The data:
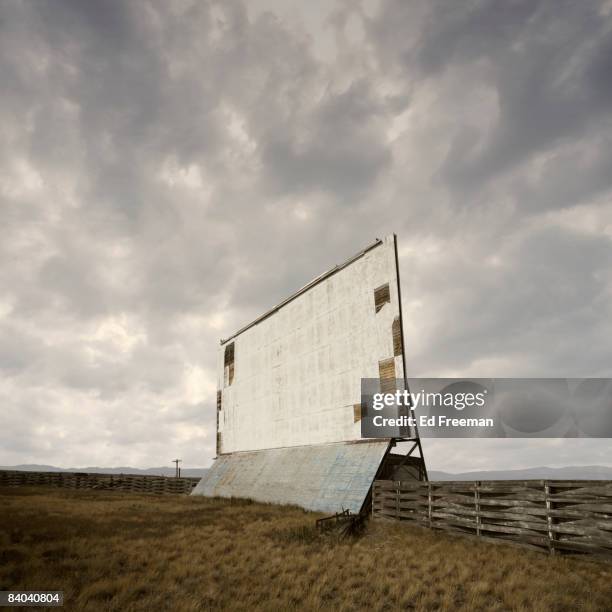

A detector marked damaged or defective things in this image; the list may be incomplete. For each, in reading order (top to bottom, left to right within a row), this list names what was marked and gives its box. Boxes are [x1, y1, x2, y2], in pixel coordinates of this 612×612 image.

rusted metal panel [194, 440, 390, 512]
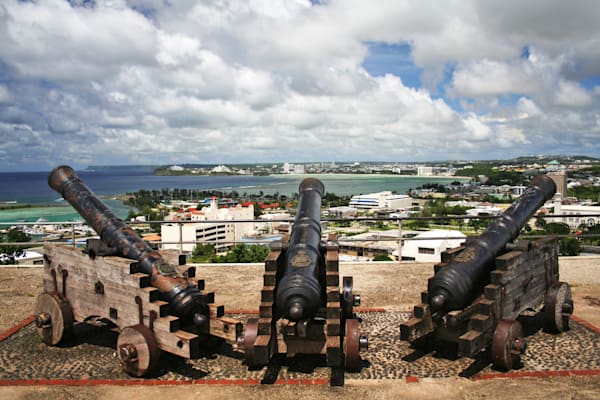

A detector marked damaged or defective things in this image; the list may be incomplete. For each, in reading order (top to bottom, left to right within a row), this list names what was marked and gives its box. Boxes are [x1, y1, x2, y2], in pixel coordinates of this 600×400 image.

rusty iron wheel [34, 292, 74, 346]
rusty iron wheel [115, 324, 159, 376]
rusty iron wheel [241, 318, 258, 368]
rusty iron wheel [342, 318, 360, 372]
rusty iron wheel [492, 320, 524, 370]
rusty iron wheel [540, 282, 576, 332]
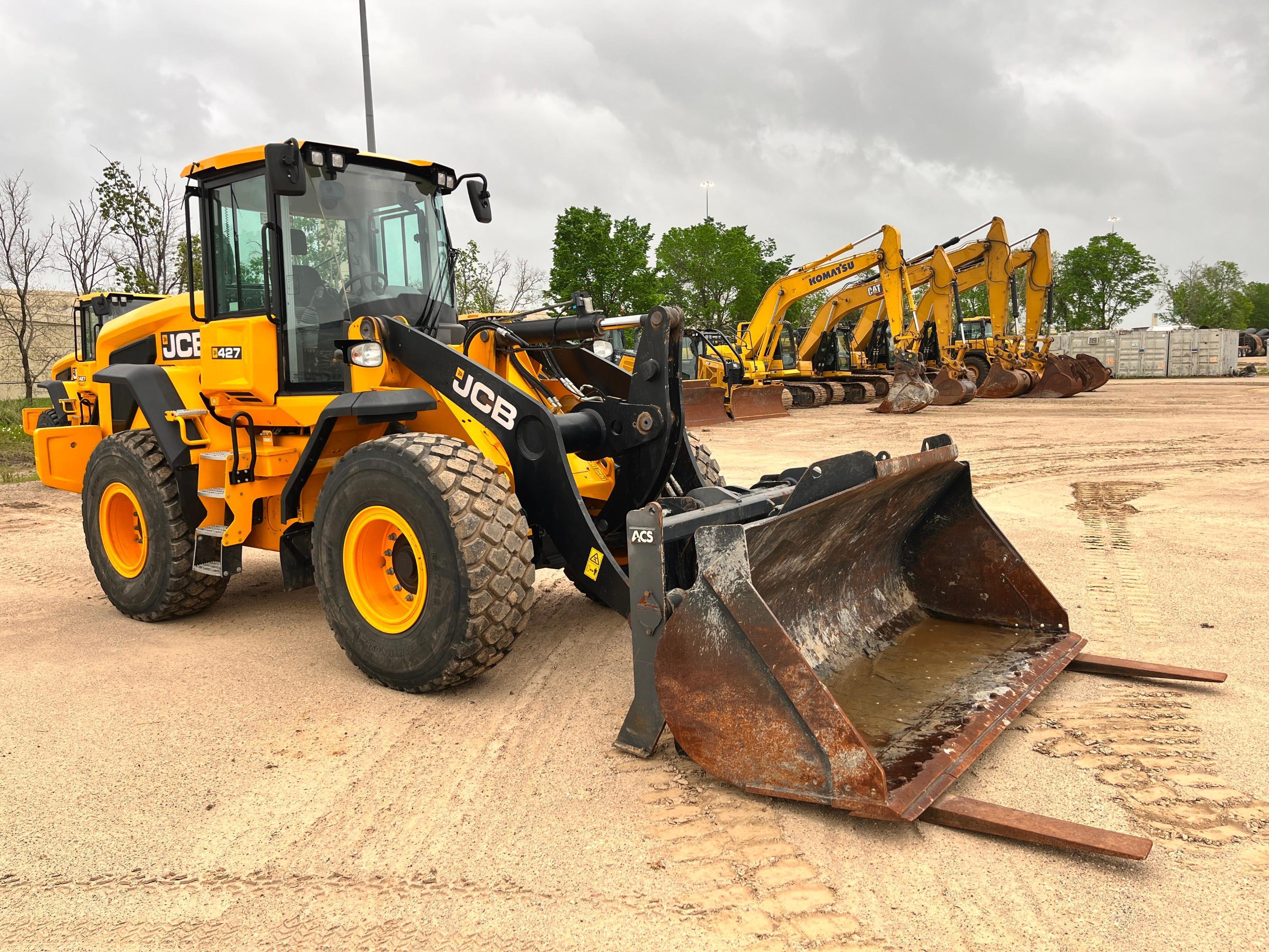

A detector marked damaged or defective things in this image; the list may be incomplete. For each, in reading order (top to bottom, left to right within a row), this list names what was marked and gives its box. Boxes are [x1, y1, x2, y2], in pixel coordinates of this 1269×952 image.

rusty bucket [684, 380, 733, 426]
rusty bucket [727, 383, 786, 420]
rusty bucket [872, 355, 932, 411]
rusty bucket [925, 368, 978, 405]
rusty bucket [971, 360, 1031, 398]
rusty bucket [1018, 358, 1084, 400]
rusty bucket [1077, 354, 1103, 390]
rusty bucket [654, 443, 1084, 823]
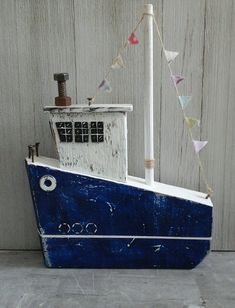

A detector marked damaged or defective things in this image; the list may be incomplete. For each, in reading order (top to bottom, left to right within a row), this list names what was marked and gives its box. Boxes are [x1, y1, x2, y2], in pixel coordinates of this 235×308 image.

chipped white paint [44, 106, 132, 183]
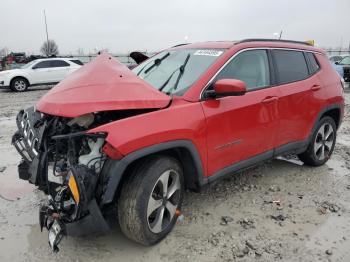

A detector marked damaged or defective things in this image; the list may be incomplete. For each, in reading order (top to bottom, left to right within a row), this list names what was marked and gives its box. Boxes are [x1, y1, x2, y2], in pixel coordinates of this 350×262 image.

Task description: Your copy should consist only of the lines from the line holding "this 600×400 image." through the final line of the listing above, both included, with all pictures omitted.

Answer box:
A detector marked damaged or defective things in this image; the list may be incomplete. For each, in reading order (top to bottom, left to right within a row), this list names what was marked and gives its box. Boxes are [x1, y1, x2, y2], in pixel coordinates of this 600×400 image.

rusty iron wheel [34, 292, 74, 346]
rusty iron wheel [115, 324, 159, 376]
rusty iron wheel [241, 318, 258, 368]
rusty iron wheel [342, 318, 360, 372]
rusty iron wheel [492, 320, 524, 370]
rusty iron wheel [540, 282, 576, 332]

A detector marked damaged or defective things in this image; the list may be incomplete. For each, in reading order (top to bottom, left to right within a row), this list names what was marked and gives its box. Boxes are [x1, y1, x2, y2], in pixel coordinates of this 1269×952 image.

rusty bucket [684, 380, 733, 426]
rusty bucket [727, 383, 786, 420]
rusty bucket [872, 355, 932, 411]
rusty bucket [925, 368, 978, 405]
rusty bucket [971, 360, 1031, 398]
rusty bucket [1018, 358, 1084, 400]
rusty bucket [1077, 354, 1103, 390]
rusty bucket [654, 443, 1084, 823]

A detector marked damaged or defective things in this image; the list may be incomplete. For each, in reading order (top to bottom, left to right within a row), this list names what was marked and gives its box. Boxes are [x1, y1, x2, y2], in pixel coordinates of this 235×308 image.

chipped white paint [44, 106, 132, 183]

A detector marked damaged or defective things in this image; the list may be incomplete. For each, in reading order (top to bottom, left to right within a row), this list names what was marked and gives its box. Boxes are [x1, y1, x2, y2], in pixel coordinates of this 350×262 image.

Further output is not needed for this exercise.